**Your instructions:**
This calls for a verbatim copy of all the data, with no images carried over.

**Data below:**

........

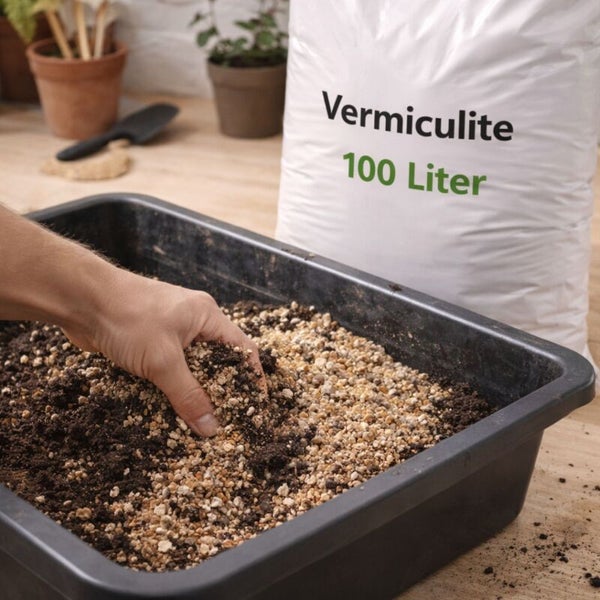 Eine Hand mischt Vermiculit mit Erde in einer Wanne, im Hintergrund ein 100 Liter Sack Vermiculit zur Bodenverbesserung.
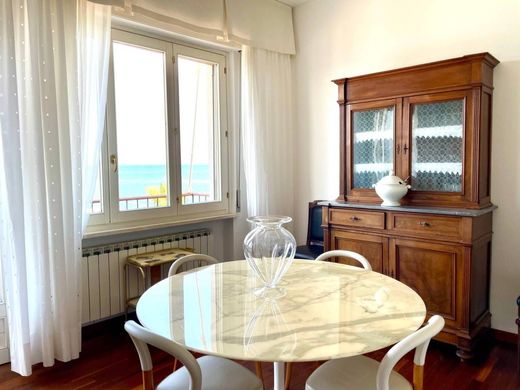 Luxury Apartment for sale in Sestri Levante, 1 350 000 €, Photo 6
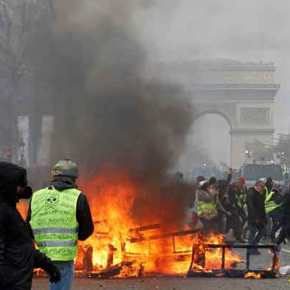 Κόλαση το Παρίσι! Σφοδρές συγκρούσεις ανάμεσα σε «κίτρινα γιλέκα» και&nbsp;αστυνομία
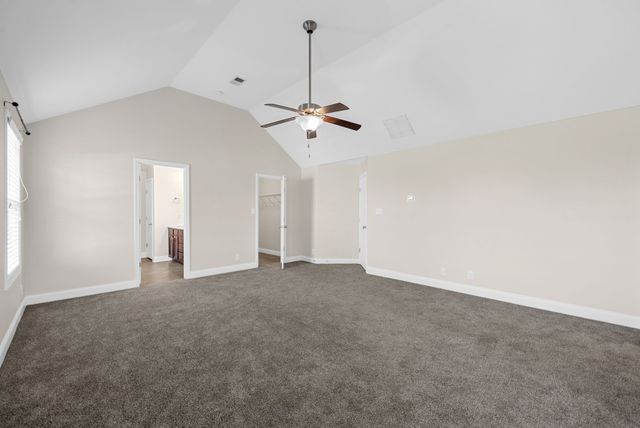 2048 Bandera Dr, Clarksville, TN 37042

........

**Written solution:**
 Eine Hand mischt Vermiculit mit Erde in einer Wanne, im Hintergrund ein 100 Liter Sack Vermiculit zur Bodenverbesserung.
 Luxury Apartment for sale in Sestri Levante, 1 350 000 €, Photo 6
 Κόλαση το Παρίσι! Σφοδρές συγκρούσεις ανάμεσα σε «κίτρινα γιλέκα» και&nbsp;αστυνομία
 2048 Bandera Dr, Clarksville, TN 37042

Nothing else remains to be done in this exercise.